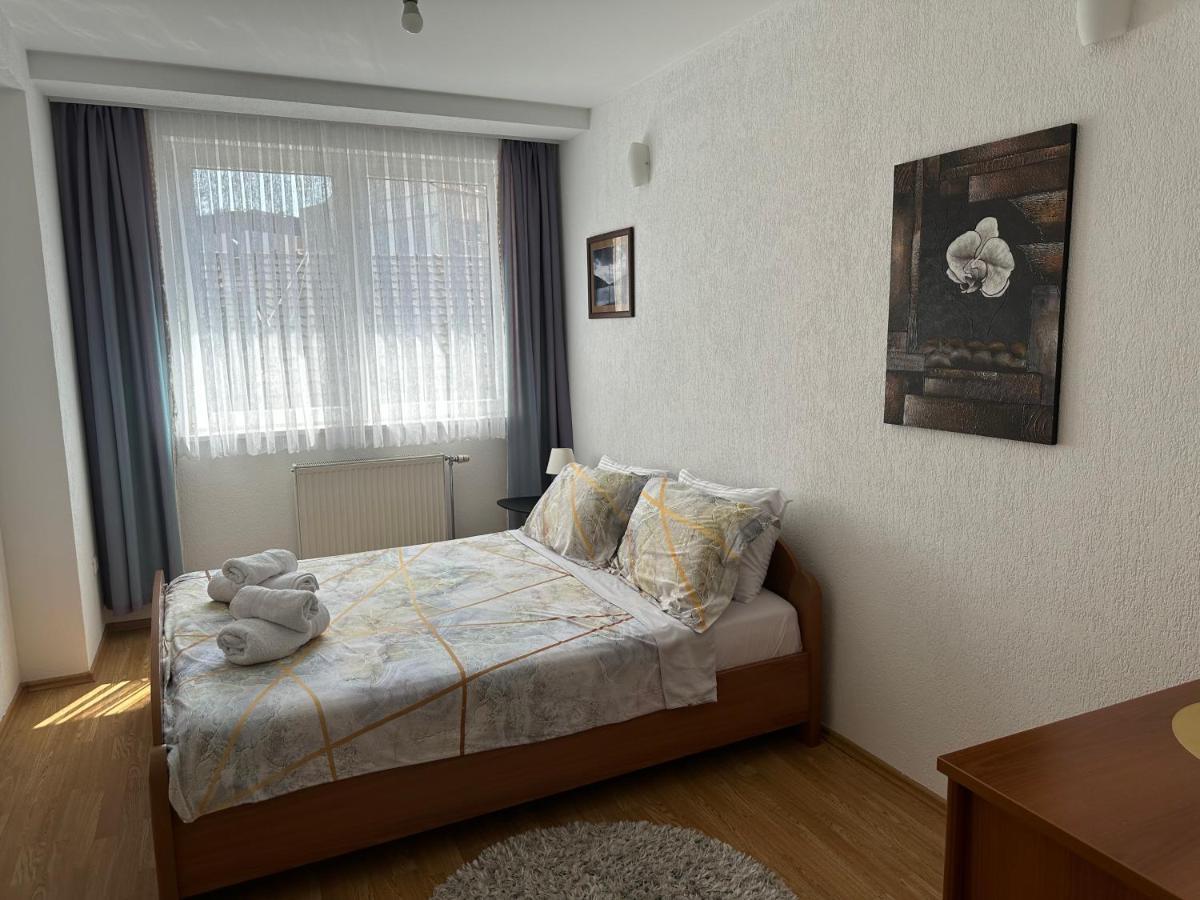 Spacious 3-Bedroom Condo Next To City Center Πρίστινα Εξωτερικό φωτογραφία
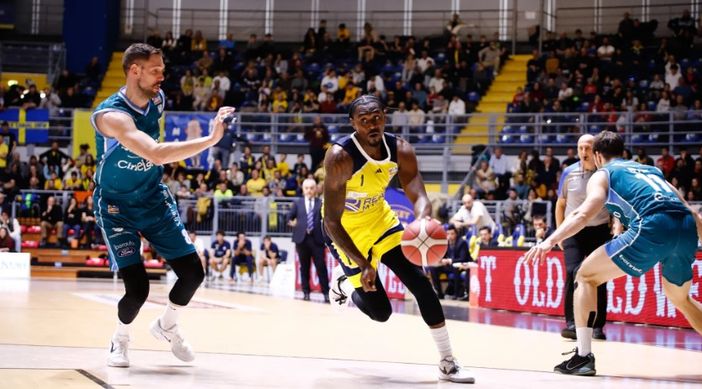 Basket: Reale Mutua costretta alla prima sconfitta casalinga, Cantù vince e ipoteca il secondo posto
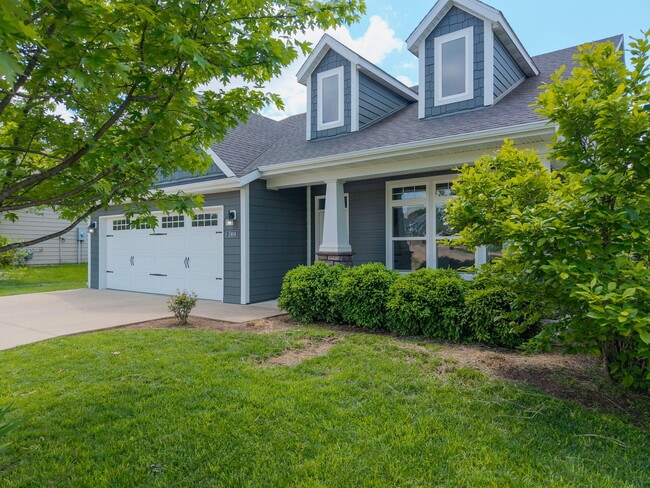 Building Photo - 2414 Nottoway Dr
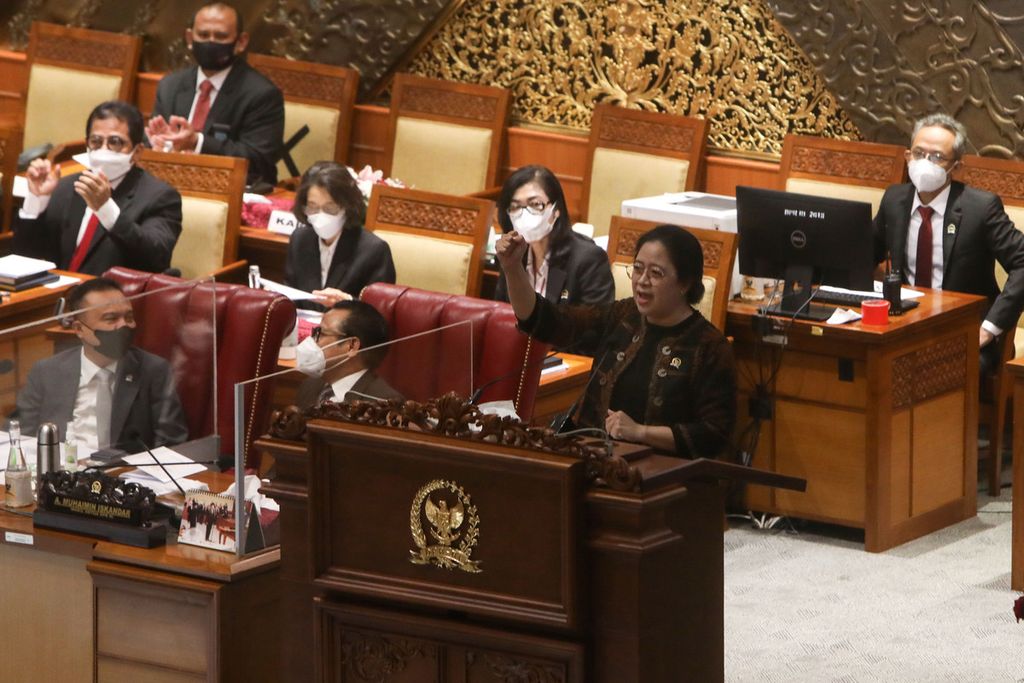 Ketua DPR Puan Maharani menyampaikan pidato Penutupan Masa Sidang III Tahun Sidang 2021-2022 dalam Rapat Paripurna DPR di Kompleks Gedung Parlemen, Senayan, Jakarta, Jumat (18/2/2022). 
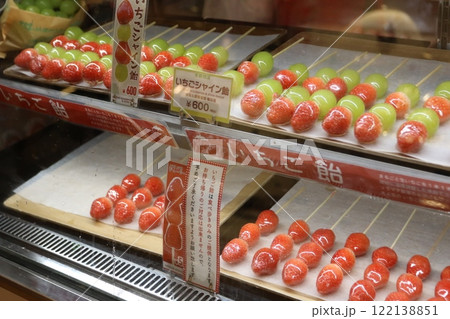 東京スカイツリータウンで売られている「いちご飴」 122138851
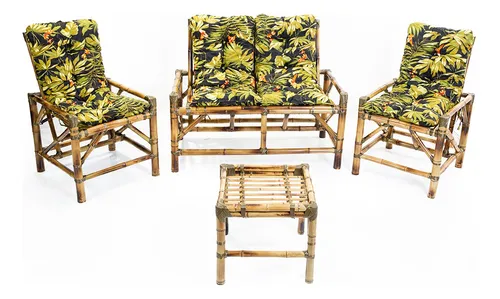 Conjunto de sofá, duas poltronas e mesa auxiliar de vime com almofadas estampadas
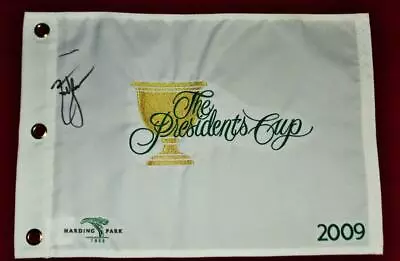 Zach Johnson 2009 Presidents Cup Champion Signed Official Flag Excellent • $48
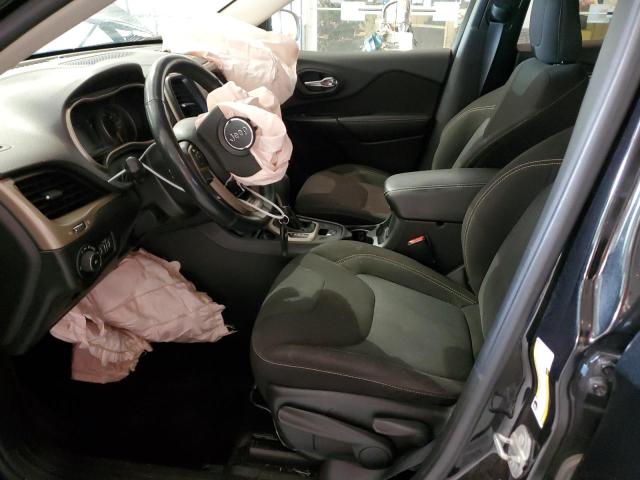 1C4PJLCB2GW113790 Jeep Cherokee Latitude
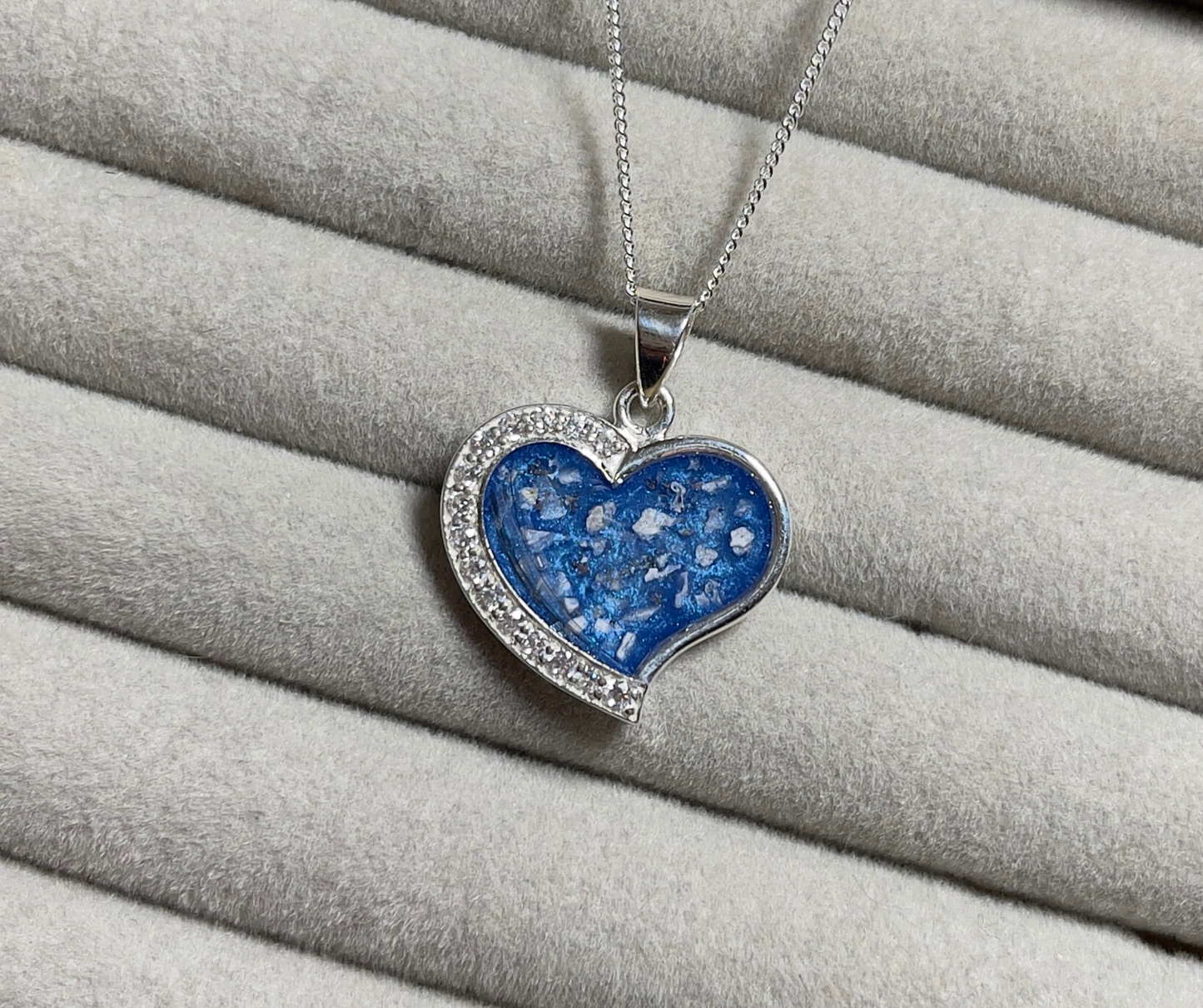 The half CZ Hearty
══════════
Go through the lines above and write each one out verbatim, skipping the pictures.

 Spacious 3-Bedroom Condo Next To City Center Πρίστινα Εξωτερικό φωτογραφία
 Basket: Reale Mutua costretta alla prima sconfitta casalinga, Cantù vince e ipoteca il secondo posto
 Building Photo - 2414 Nottoway Dr
 Ketua DPR Puan Maharani menyampaikan pidato Penutupan Masa Sidang III Tahun Sidang 2021-2022 dalam Rapat Paripurna DPR di Kompleks Gedung Parlemen, Senayan, Jakarta, Jumat (18/2/2022). 
 東京スカイツリータウンで売られている「いちご飴」 122138851
 Conjunto de sofá, duas poltronas e mesa auxiliar de vime com almofadas estampadas
 Zach Johnson 2009 Presidents Cup Champion Signed Official Flag Excellent • $48
 1C4PJLCB2GW113790 Jeep Cherokee Latitude
 The half CZ Hearty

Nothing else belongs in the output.